• **What you are asked to do**: From the line that holds "Yoaoo 2x Oem" to the end of the records, reproduce every line exactly. No pictures.

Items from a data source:
◇ ◇ ◇ ◇ ◇ ◇ ◇
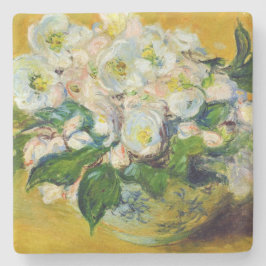Porta-copo De Pedra Rosas de Natal (por Claude Monet)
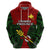 Custom Papua New Guinea Hoodie Chimbu Province Mix Coat Of Arms Polynesian Art - Wonder Print Shop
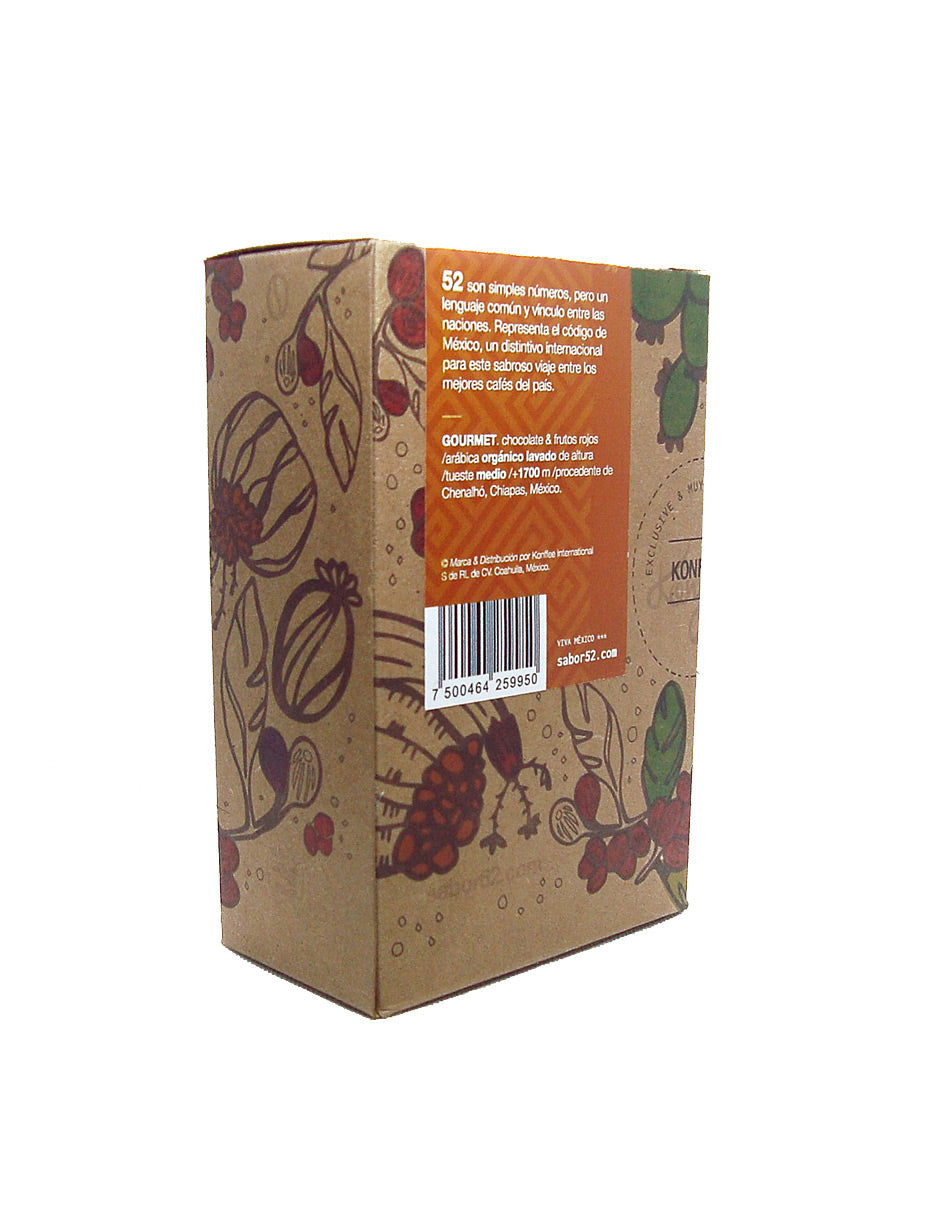 Café Artesanal 52 GOURMET Chiapas Pack de 6 - Grano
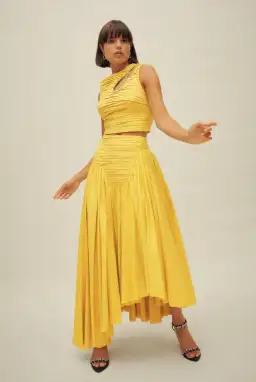 Aje The Jolie Asymmetric Cut Out Set Size 8 Sun Shower Yellow Size 8 for rent on The Volte - image 3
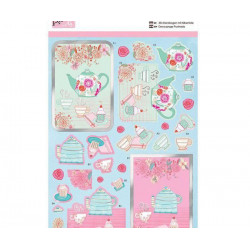 3d Papírové Výřezy - Šálek Čaje Docrafts Papíry Vrstvení, Scrapbooking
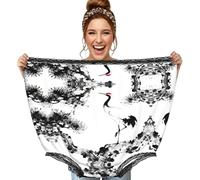 CNTDBU Crane Pine Branch - Bragas para mujer, divertido regalo de broma, ropa interior de gran tamaño, pantalones grandes novedosos para despedida de soltera, intercambio secreto de Papá Noel, color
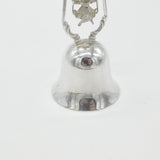 Danish .835 Grade Silver Little Girl on Swing Dinner Bell Antique c1920 Art Deco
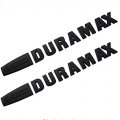 Yoaoo 2x Oem Allison Duramax Badges Emblems For Gm 2015 Silverado 2500hd 3500hd Hood Matte Black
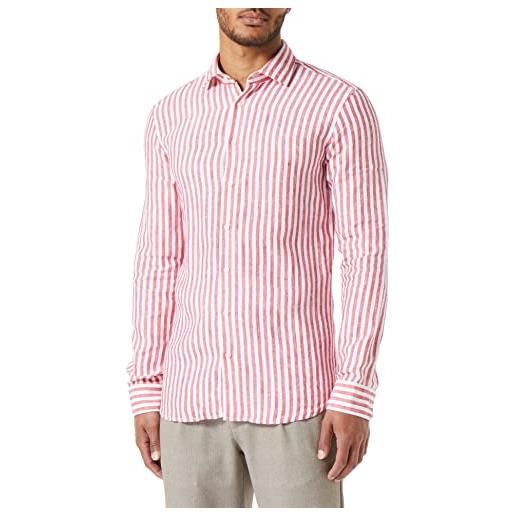 Seidensticker camicia a maniche lunghe extra slim fit maglietta, colore: rosso, 40 uomo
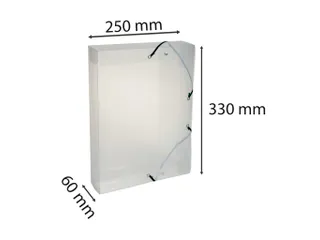 Klasseerdoos CRYSTAL PP rug 60mm transp. - 11
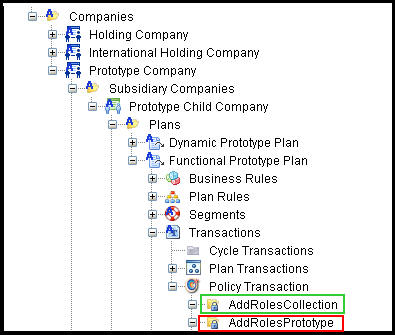 add role transactions in Main Explorer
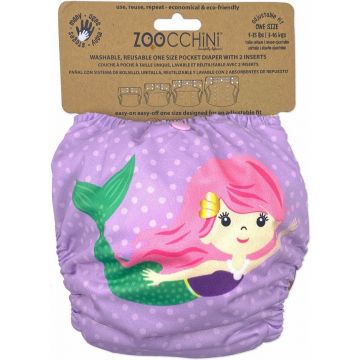 ZOOCCHINI ZEEMEERMIN REUSABLE ONE SIZE POCKET DIAPER HERBRUIKBARE LUIER 1 STUK
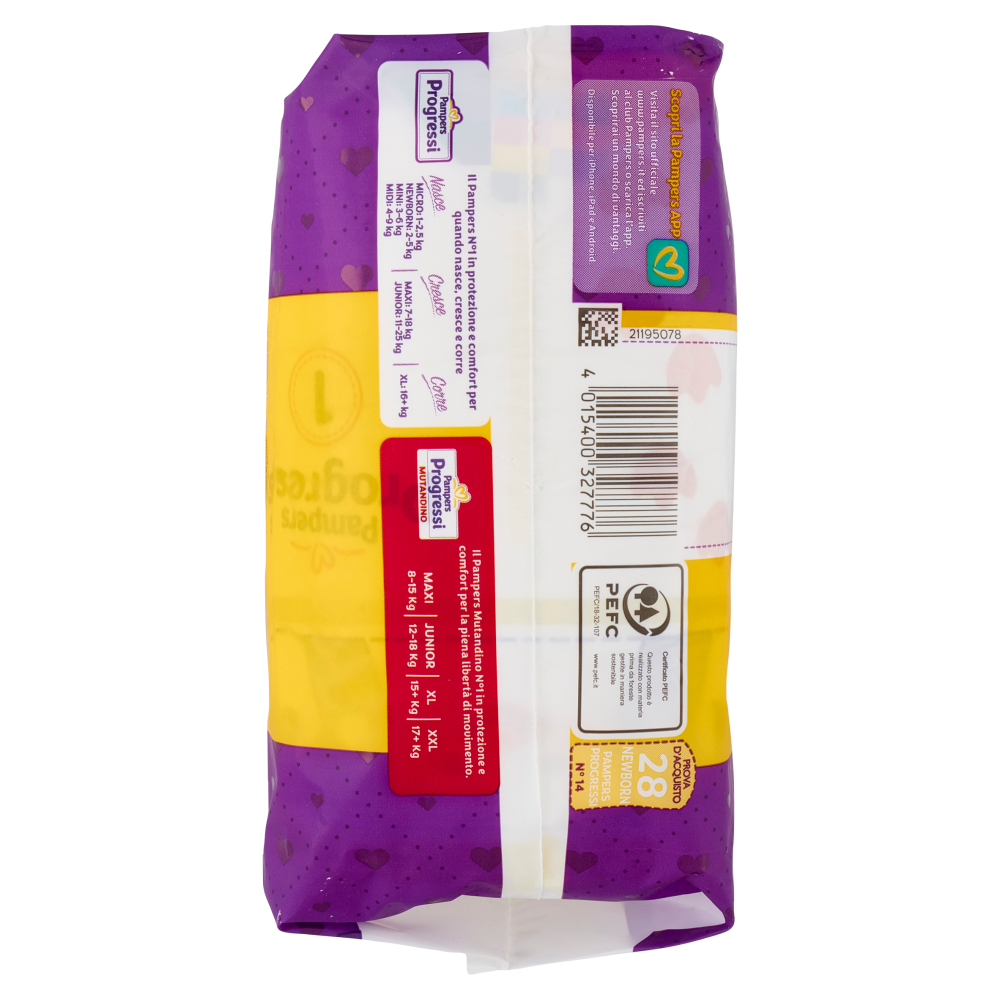 Pampers Progressi Newborn 28 pz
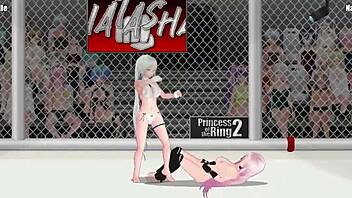 Princess of the Ring 2: Isabel Battles Natasha in Fierce Lesbian Catfight on the Street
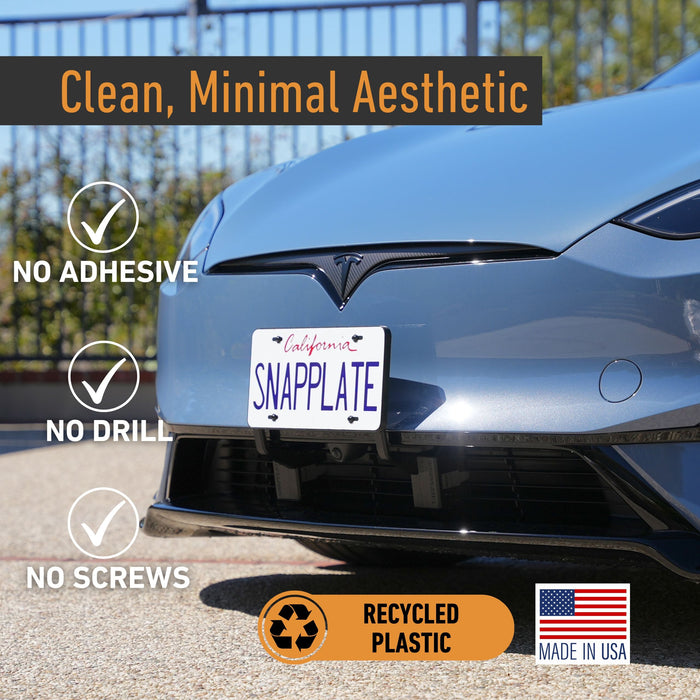 Tesla Model S SnapPlate Front License Plate Holder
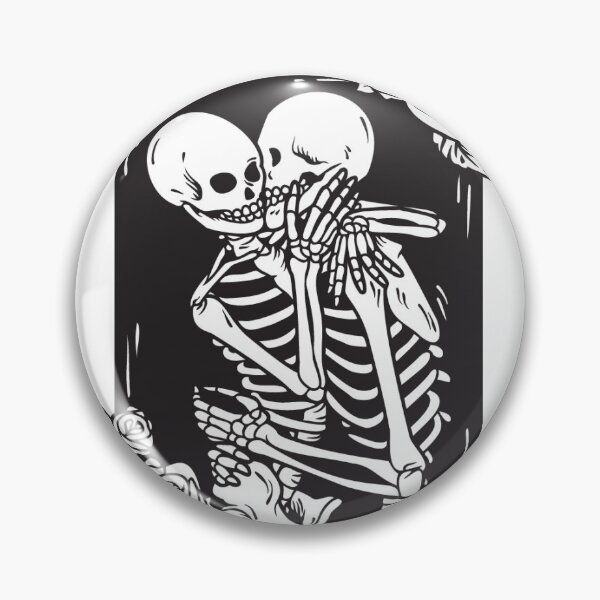 Item preview, Skeletons Being Romantic  designed and sold by emmmichelle.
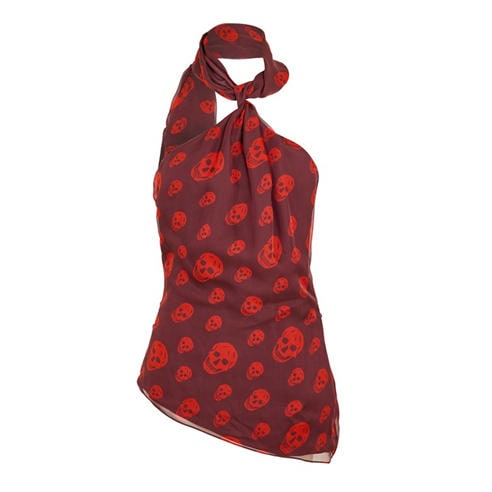 ALEXANDER MCQUEEN - Women's Alex Skull Scarf Woven Cami Vest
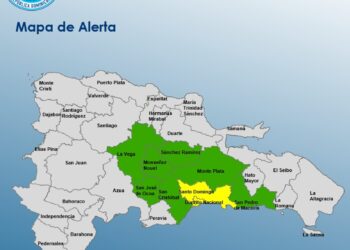Elevan a dos las provincias en alerta amarilla por incidencia de onda tropical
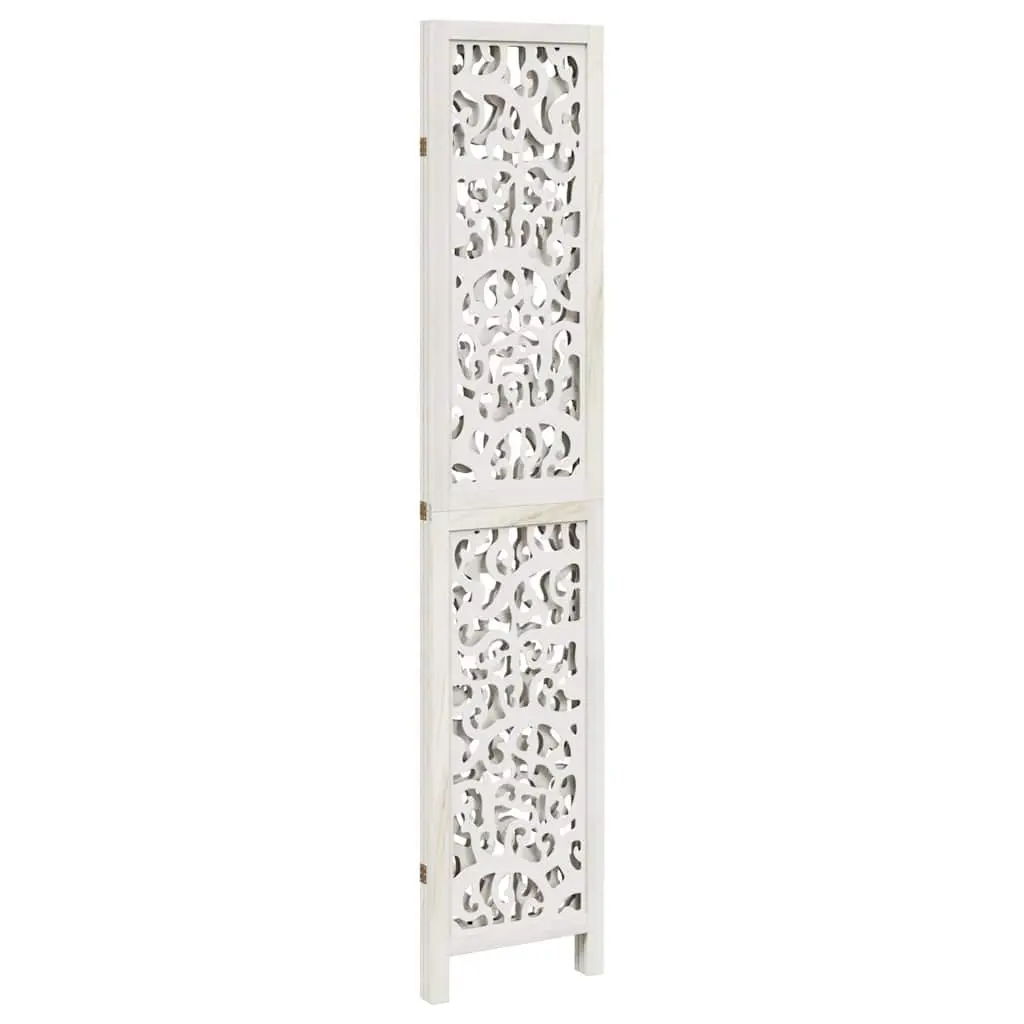 Room Divider 3 Panels White Folding Privacy Screen Partition Indoor Decor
◇ ◇ ◇ ◇ ◇ ◇ ◇
• **Solved exercise**:
 Yoaoo 2x Oem Allison Duramax Badges Emblems For Gm 2015 Silverado 2500hd 3500hd Hood Matte Black
 Seidensticker camicia a maniche lunghe extra slim fit maglietta, colore: rosso, 40 uomo
 Klasseerdoos CRYSTAL PP rug 60mm transp. - 11
 add role transactions in Main Explorer
 ZOOCCHINI ZEEMEERMIN REUSABLE ONE SIZE POCKET DIAPER HERBRUIKBARE LUIER 1 STUK
 Pampers Progressi Newborn 28 pz
 Princess of the Ring 2: Isabel Battles Natasha in Fierce Lesbian Catfight on the Street
 Tesla Model S SnapPlate Front License Plate Holder
 Item preview, Skeletons Being Romantic  designed and sold by emmmichelle.
 ALEXANDER MCQUEEN - Women's Alex Skull Scarf Woven Cami Vest
Elevan a dos las provincias en alerta amarilla por incidencia de onda tropical
 Room Divider 3 Panels White Folding Privacy Screen Partition Indoor Decor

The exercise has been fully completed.